Traditional portfolio theory has limited practical applications. Portfolio managers often rely on their professional experiences and subjective assessments to make investment decisions, and they achieve better performance without relying on any model. Modern financial markets empowered by technological innovations, big data, alternative data, and other types of soft information evolve, change, and become more complex every day. While previous experiences and expertise count for a lot, interpreting and adapting to the current market trends, investor preferences, and risk appetites is just as important. As a human, it takes time and long enough historical samples to digest and understand new market tastes and trends. The machines, AI technologies with machine learning capabilities, on the other hand, after being trained by a human, can identify abnormal trends in the data in real time and react to the expected risks faster than a human portfolio manager. The COVID-19 market plunge is only one of many examples where we are often surprised by how well the algorithms anticipate the risk, especially the source of risk. In our other work, we analyze the prediction of the deep learning model around the 2008-2009 financial crisis. A month before the biggest market plunge in September 2008, the model identified real estate holdings as the risk factor, and like the COVID-19 episode, the model had never seen a real estate bubble crash.
The main message here is that there is a reason that 75% of Refinitiv survey respondents state the wide adoption of deep learning in their practices – it works! Deep learning provides a viable alternative to somewhat “dead-end old portfolio theory,” and, after being properly trained, the machines can “learn” the experiences of successful portfolio managers. With bigger data and more information, machines can also make real-time decisions faster. Faster means re-allocating assets away from expected risks and protecting investors from immediate losses.
Recently, pension funds in Canada and the US reported negative performances due to the bear market caused by rising interest rates and higher inflation during the first half of 2022. For example, the largest Quebec pension manager, Caisse, loses $33.6-billion in the first half of 2022. Norway’s Wealth Fund lost $174 billion for the same time period. New York City Retirement Systems’ returns plunge 8.65% for the fiscal year ended June 30, 2022.

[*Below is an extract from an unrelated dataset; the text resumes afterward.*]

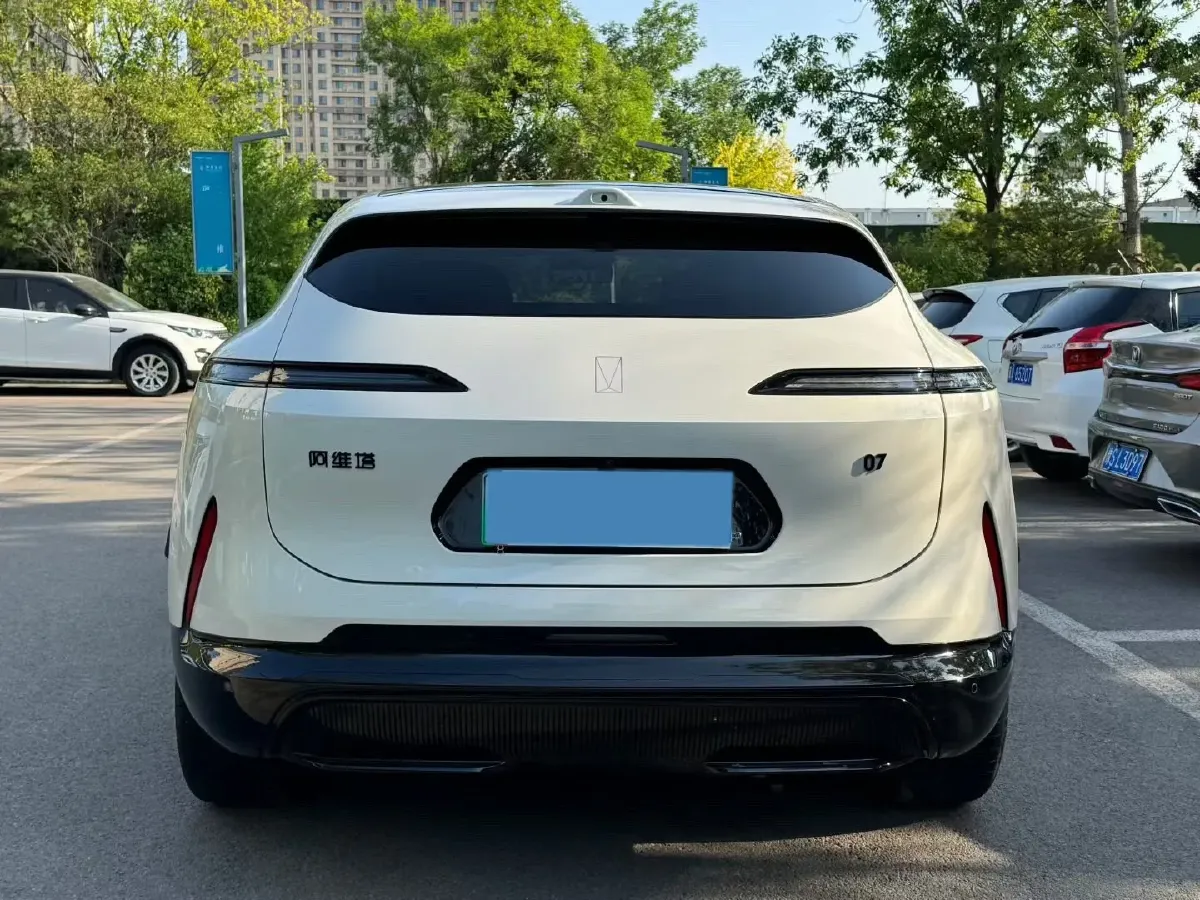 2026 Avatr 07 BEV,autocango,china used car exporter,china ev exporter,chinese used car exporter,chinese used ev exporter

This poor performance could have been prevented had the pension fund system adopted modern-day technologies. In sum, there are modern-day solutions to portfolio management practices which can handle all current market complexities and are able to forecast market downturns better than humans. It makes them an indispensable risk management instrument for any type of asset manager. Adopting these technologies should become one of the first order of priorities.
Chengyu Zhang is a Ph.D. student in Finance at McGill University Desautels School of Management.
This paper is adapted from their paper, “Long Horizon Multifactor Investing with Reinforcement Learning,” available on SSRN.